ASSIGNMENT: Copy, word for word, the line containing "#mouthfreshner #mouthulcertreatment #mouthulcerrelief" and each line that follows it in the entries below; pictures do not belong in the copy.

(PROVIDED MATERIAL begins)

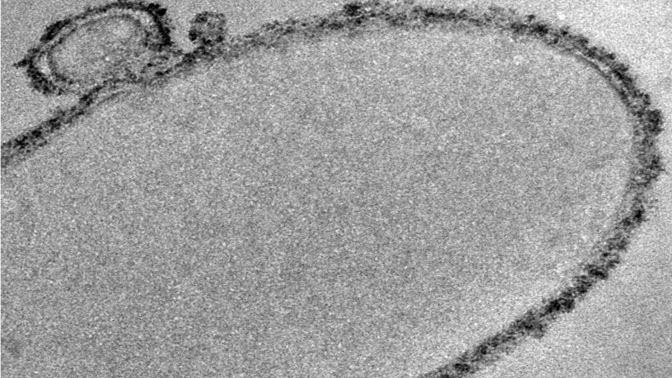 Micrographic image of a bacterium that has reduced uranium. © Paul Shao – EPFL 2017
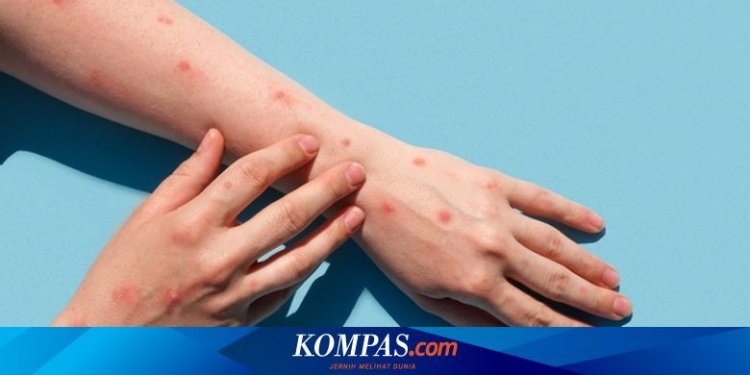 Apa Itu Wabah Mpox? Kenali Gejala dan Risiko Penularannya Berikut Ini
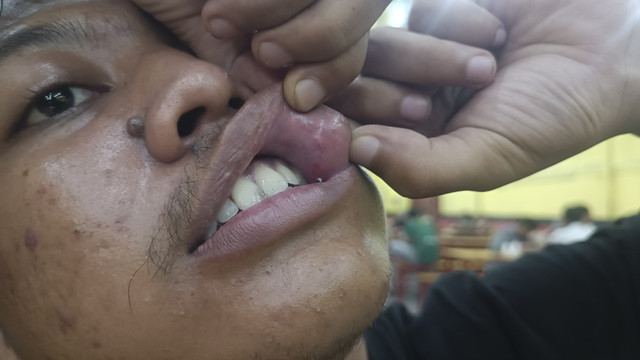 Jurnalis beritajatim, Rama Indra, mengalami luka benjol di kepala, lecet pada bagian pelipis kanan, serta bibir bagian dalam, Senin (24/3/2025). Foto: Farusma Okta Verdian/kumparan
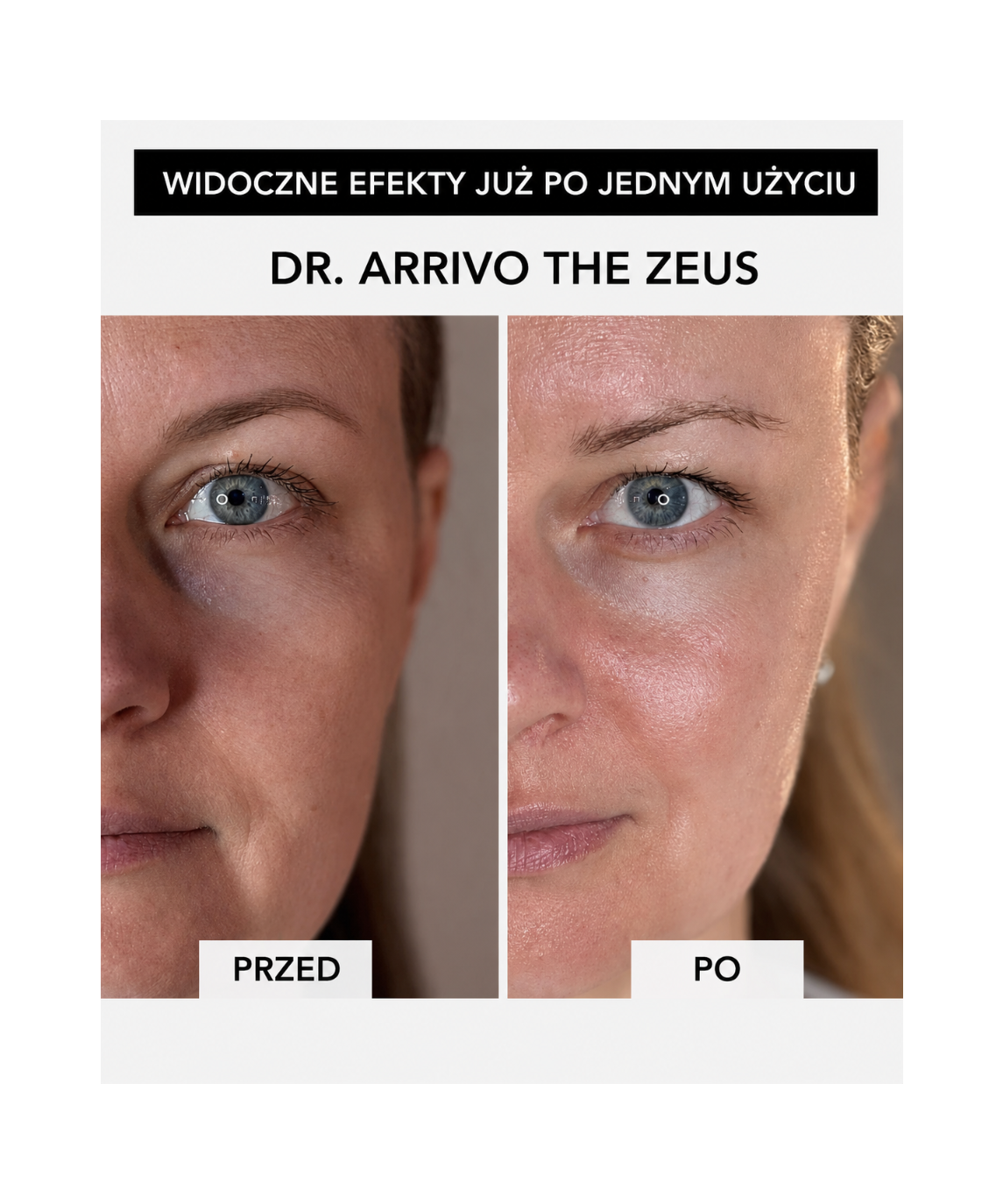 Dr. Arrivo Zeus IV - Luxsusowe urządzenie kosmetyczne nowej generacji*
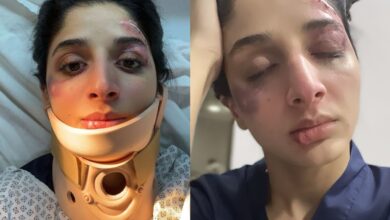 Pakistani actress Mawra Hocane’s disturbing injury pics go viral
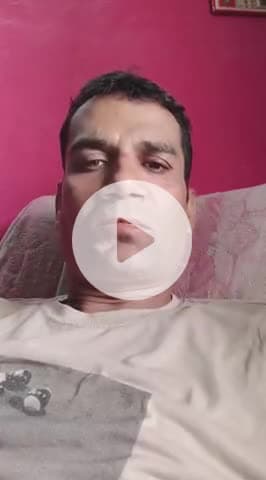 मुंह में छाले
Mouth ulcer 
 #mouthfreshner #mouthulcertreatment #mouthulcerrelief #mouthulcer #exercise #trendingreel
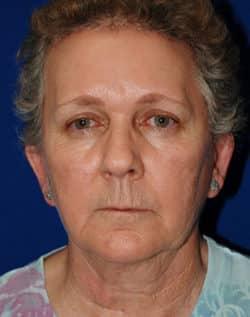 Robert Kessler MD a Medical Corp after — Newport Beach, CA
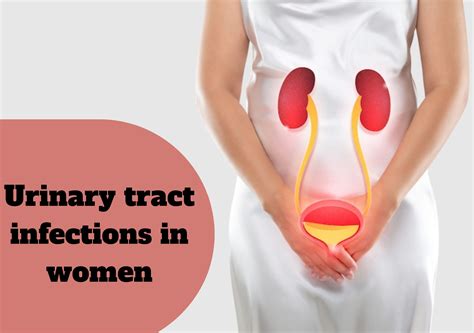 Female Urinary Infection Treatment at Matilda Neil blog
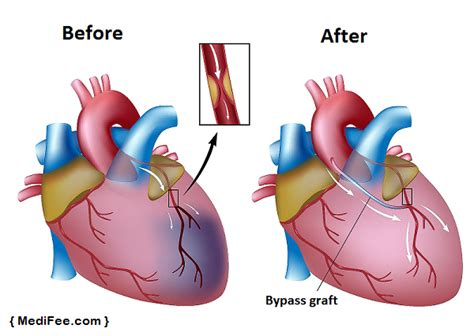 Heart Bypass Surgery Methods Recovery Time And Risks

(PROVIDED MATERIAL ends)

EXERCISE RESPONSE:
 #mouthfreshner #mouthulcertreatment #mouthulcerrelief #mouthulcer #exercise #trendingreel
 Robert Kessler MD a Medical Corp after — Newport Beach, CA
 Female Urinary Infection Treatment at Matilda Neil blog
 Heart Bypass Surgery Methods Recovery Time And Risks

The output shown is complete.